Customs: True Refinement

The consumer revolution of the previous century put objects and the gracious living they represented within reach of middling sorts as well as the wealthy. This trend continued in the twentieth century as ordinary Americans sought to acquire the social graces and skills that defined for them true gentility.

Parlor music, and piano playing in particular, epitomized gentility throughout the Victorian period. The piano symbolized good taste and the moral respectability that the culture increasingly defined as part of true refinement. To play the piano meant that a person had the time, refinement, and money to acquire this accomplishment. Piano playing also had a moral dimension. The culture promoted music as part of a serene, civilized domestic atmosphere that provided a refuge from the rough-and-tumble world of work and politics. This view complemented the period’s emphasis on the role of women as nurturers and keepers of the home circle. A young woman with perfect posture gracefully playing the piano within a genteel and comfortable family circle was a compelling image for turn-of-the-century Americans.

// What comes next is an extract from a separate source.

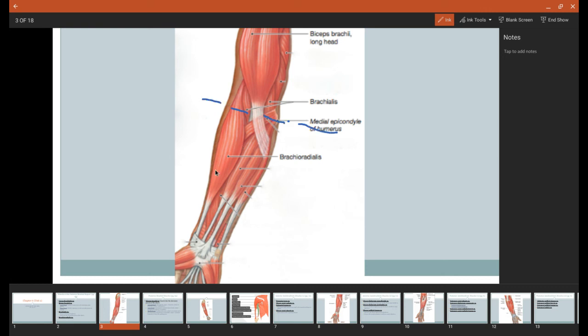And with the brachioradialis, why it's so important to use as a landmark is it's the only muscle that's going to have a big, large portion in the brachial region and then cross over into the antebrachium right there.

This painting of a young boy playing the piano is a study in Victorian domesticity and gentility. The boy has had an opportunity to learn the instrument. He has attained a culture and taste that set him apart from those who lack his economic and social advantages. The painting also suggests how Americans at that time saw the home as a private space safe from the workplace and the public arena. It is an ideal ordinary working people sought to attain when they paid for piano lessons for their children. Its link to the female-dominated domestic sphere cast the piano as primarily a female accomplishment, but boys could and did excel at the instrument. Lucia Fairchild painted this portrait of her brother, Blair, in 1891.